Before WILLIAMS, SMITH and DUHE, Circuit Judges.
Appellant, Richard Allen Hammons, brought this habeas corpus proceeding against the Sheriff of Jefferson County, Texas, claiming that he was improperly held under a defective warrant issued by the United States in connection with violation of his parole by committing another crime while on parole. The warrant did have an error in it. It indicated that the parole grew out of a sentence for one federal conviction when it actually grew out of the sentence for another federal conviction. The district court denied habeas corpus. We affirm.

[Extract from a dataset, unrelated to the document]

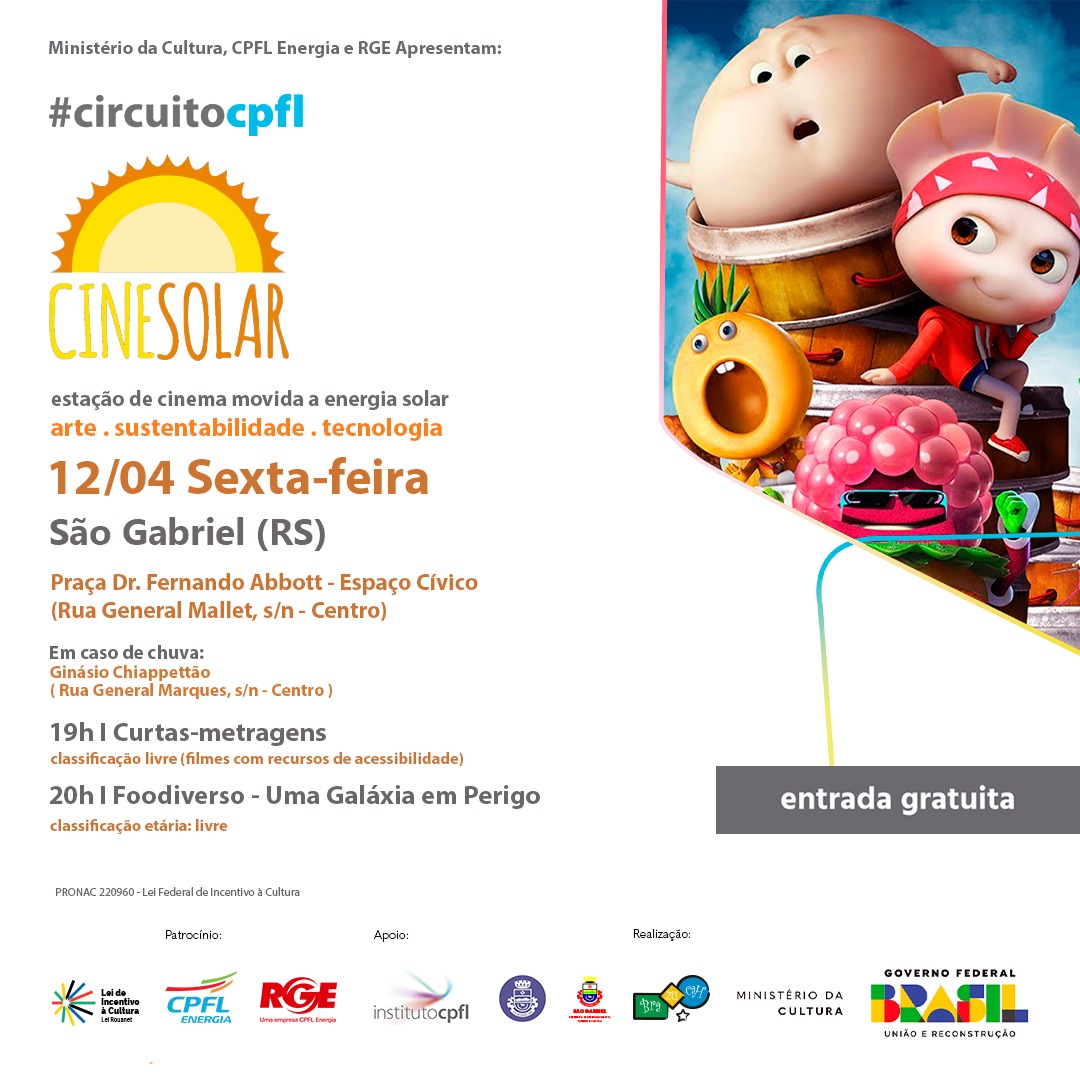 CINESOLAR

In 1978, Hammons was convicted of the federal offense of possession with intent to distribute marihuana in Indiana. He was given a three year sentence and a special parole term of two years. After he completed his incarceration, and while he was serving the special parole, he was convicted in North Carolina of the federal offense of conspiracy to possess with intent to distribute methaqualone. Since this drug offense was committed while Hammons was on parole, his parole was revoked. After his release from federal penitentiary on the North Carolina offense, he began to serve over again the two year special parole term from the Indiana offense.
While Hammons was serving the special parole term again, he was arrested for possession of marihuana as a Texas state criminal offense. A parole violator's warrant was issued but held in accordance with common practice and was served after he completed his term for the Texas offense. It is this warrant that is in question. It incorrectly stated that the special parole term which he was serving grew out of the North Carolina conviction rather than out of the Indiana conviction. It is Hammons's contention that he is improperly held under this warrant because the warrant under which he is being detained is defective.
Hammons has made no showing of prejudice as a result of this obvious technical error in the warrant. He makes no claim that he did not know that he was serving a special parole term at the time he committed the Texas drug offense. With Hammons's extensive criminal record, which includes earlier convictions for burglary and separately for forgery before the first drug conviction, there can hardly be a claim that appellant was not fully aware of the operations of the criminal law, of sentencing, and of parole.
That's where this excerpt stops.